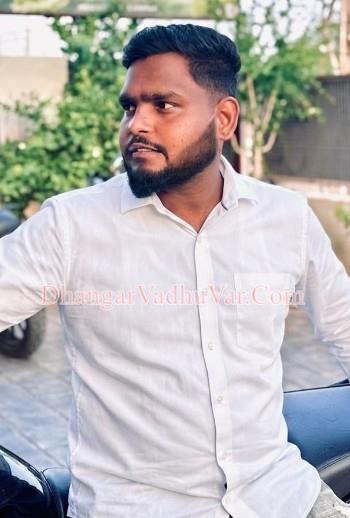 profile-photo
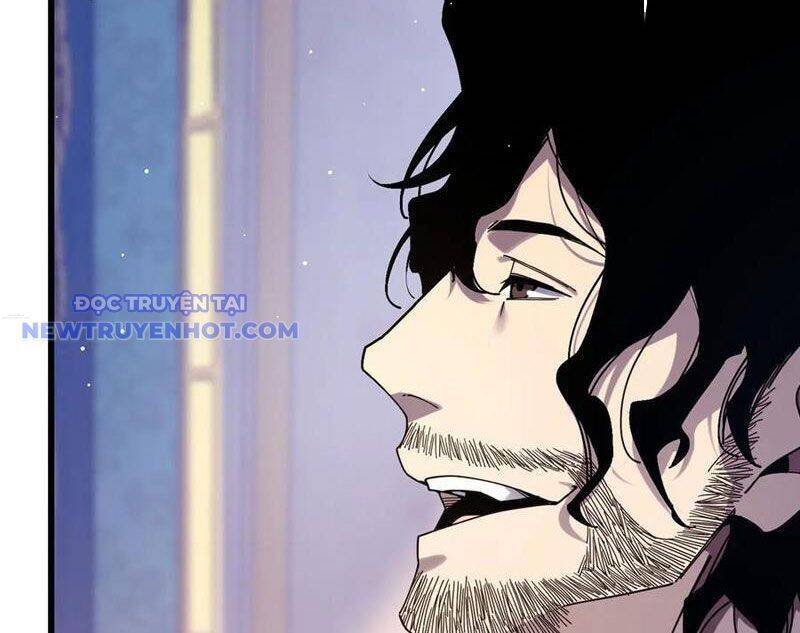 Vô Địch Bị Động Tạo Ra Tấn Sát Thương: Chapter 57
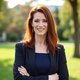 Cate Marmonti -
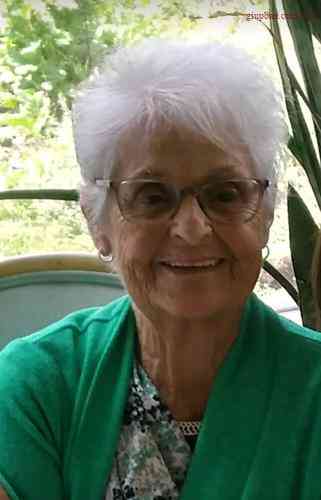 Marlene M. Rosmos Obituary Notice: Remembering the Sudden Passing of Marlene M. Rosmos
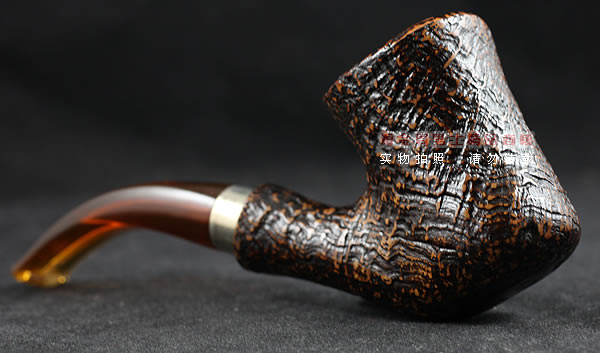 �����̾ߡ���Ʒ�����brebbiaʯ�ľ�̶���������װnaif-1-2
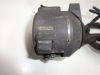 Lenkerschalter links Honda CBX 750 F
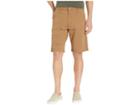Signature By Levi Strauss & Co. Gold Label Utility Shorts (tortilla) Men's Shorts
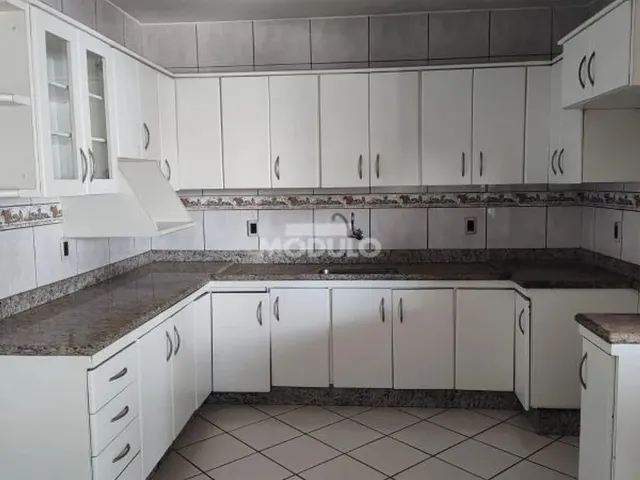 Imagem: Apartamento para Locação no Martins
::::::::
Copy the entries above faithfully and omit every image.

*ANSWER SPACE*.
 profile-photo
 Vô Địch Bị Động Tạo Ra Tấn Sát Thương: Chapter 57
 Cate Marmonti -
 Marlene M. Rosmos Obituary Notice: Remembering the Sudden Passing of Marlene M. Rosmos
 �����̾ߡ���Ʒ�����brebbiaʯ�ľ�̶���������װnaif-1-2
 Lenkerschalter links Honda CBX 750 F
Signature By Levi Strauss & Co. Gold Label Utility Shorts (tortilla) Men's Shorts
 Imagem: Apartamento para Locação no Martins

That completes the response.